Auch Rachid Ganouchi dem Chef der bisher regierenden Ennahda Partei, ist Erleichterung anzumerken: "Wir danken Gott, dass die Tunesier eine friedliche Revolution geschafft haben, die die Welt erleuchtet. Wir haben es geschafft einen Bürgerkrieg zu verhindern, wir haben uns geeinigt."

Fortschritt mit Schwachstellen

Die neue Verfassung ist in vielerlei Hinsicht fortschrittlich: Frauen und Männer sind gleichgestellt. Im tunesischen Parlament soll die Hälfte aller Abgeordneten weiblich sein. Zwar ist der Islam als Staatsreligion festgelegt, in der Verfassung verankert sind aber ebenso Glaubens- und Meinungsfreiheit. Für die Opposition ist das ein Sieg, die muslimische Ennahda Partei musste in vielen Punkten nachgeben, auf einige habe Sie aber bestanden, sagt Khaled Chaabane, Politologe an der La Manouba Universität in Tunis. So sei die nicht abgeschaffte Todesstrafe ein schwacher Punkt.

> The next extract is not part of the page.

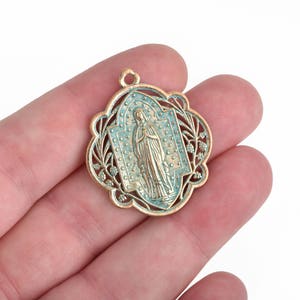 5 Light Gold Relic Charm Pendants, Green Verdigris Patina, religious medal coin charms, Gold plated metal, 34x29mm, chs3467 image 1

Nach dem Rücktritt der Ennahda Partei hat am Wochenende ehemalige Industrieminister Mehdi Jomaâ seine Übergangregierung vorgestellt. Sie besteht aus parteiunabhängigen Experten, bis auf den Innenminister. Er hat bereits in der Ennahda-Regierung dieses Amt innegehabt. Laut der Opposition soll er mitverantwortlich sein für den Tod des Oppositionspolitikers Mohammed Brahmi, sagt Khaled Chabane.

Die Übergangsregierung in Tunesien hat jetzt vor allem eine Aufgabe: Dafür zu sorgen, dass die Investoren aus dem In- und Ausland wieder investieren und der Tourismus wieder blüht. Und die neuen Wahlen vorzubereiten. Wählen werden die Tunesier laut Cheban frühestens im Oktober 2014.